Caption-style text data
* * * *
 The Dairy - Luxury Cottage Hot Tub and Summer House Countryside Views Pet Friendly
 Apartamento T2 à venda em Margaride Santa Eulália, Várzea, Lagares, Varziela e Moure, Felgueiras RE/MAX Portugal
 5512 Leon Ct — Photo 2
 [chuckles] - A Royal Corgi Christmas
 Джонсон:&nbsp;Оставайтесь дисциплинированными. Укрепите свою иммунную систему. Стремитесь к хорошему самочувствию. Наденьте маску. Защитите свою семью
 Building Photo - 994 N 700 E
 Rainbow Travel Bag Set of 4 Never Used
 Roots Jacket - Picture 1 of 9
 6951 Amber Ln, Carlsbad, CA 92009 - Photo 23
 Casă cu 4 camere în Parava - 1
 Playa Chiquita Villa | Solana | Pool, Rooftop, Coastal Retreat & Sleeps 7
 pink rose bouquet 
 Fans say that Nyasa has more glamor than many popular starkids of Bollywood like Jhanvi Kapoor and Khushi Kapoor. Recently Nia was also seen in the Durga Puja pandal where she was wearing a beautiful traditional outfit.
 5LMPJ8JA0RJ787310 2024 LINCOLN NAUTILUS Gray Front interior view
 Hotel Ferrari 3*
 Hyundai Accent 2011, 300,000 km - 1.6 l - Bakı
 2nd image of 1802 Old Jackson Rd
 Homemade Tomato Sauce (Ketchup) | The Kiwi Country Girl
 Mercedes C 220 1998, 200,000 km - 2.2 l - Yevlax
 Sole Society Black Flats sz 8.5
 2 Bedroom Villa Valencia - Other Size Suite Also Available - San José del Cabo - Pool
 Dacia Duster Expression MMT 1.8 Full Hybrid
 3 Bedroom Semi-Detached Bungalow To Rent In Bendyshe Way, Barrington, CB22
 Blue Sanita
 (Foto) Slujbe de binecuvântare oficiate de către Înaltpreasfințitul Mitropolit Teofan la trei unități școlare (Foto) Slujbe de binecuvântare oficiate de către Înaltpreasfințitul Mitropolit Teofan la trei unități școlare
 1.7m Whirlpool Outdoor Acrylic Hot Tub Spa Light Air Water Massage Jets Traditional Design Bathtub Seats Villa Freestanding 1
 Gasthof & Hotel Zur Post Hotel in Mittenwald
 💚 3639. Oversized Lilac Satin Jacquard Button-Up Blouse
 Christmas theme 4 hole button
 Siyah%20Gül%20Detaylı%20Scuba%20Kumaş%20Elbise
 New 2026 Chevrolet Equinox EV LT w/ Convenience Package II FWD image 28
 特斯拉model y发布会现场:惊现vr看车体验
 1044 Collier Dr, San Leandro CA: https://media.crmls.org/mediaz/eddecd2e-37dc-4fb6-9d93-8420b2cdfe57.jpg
* * * *
-- INSTRUCTIONS FOR THE TASK --
Nothing but the lines from the one that contains "Sole Society Black Flats sz 8.5" through the end of the data above should appear, each reproduced exactly.

-- EXPECTED ANSWER --
 Sole Society Black Flats sz 8.5
 2 Bedroom Villa Valencia - Other Size Suite Also Available - San José del Cabo - Pool
 Dacia Duster Expression MMT 1.8 Full Hybrid
 3 Bedroom Semi-Detached Bungalow To Rent In Bendyshe Way, Barrington, CB22
 Blue Sanita
 (Foto) Slujbe de binecuvântare oficiate de către Înaltpreasfințitul Mitropolit Teofan la trei unități școlare (Foto) Slujbe de binecuvântare oficiate de către Înaltpreasfințitul Mitropolit Teofan la trei unități școlare
 1.7m Whirlpool Outdoor Acrylic Hot Tub Spa Light Air Water Massage Jets Traditional Design Bathtub Seats Villa Freestanding 1
 Gasthof & Hotel Zur Post Hotel in Mittenwald
 💚 3639. Oversized Lilac Satin Jacquard Button-Up Blouse
 Christmas theme 4 hole button
 Siyah%20Gül%20Detaylı%20Scuba%20Kumaş%20Elbise
 New 2026 Chevrolet Equinox EV LT w/ Convenience Package II FWD image 28
 特斯拉model y发布会现场:惊现vr看车体验
 1044 Collier Dr, San Leandro CA: https://media.crmls.org/mediaz/eddecd2e-37dc-4fb6-9d93-8420b2cdfe57.jpg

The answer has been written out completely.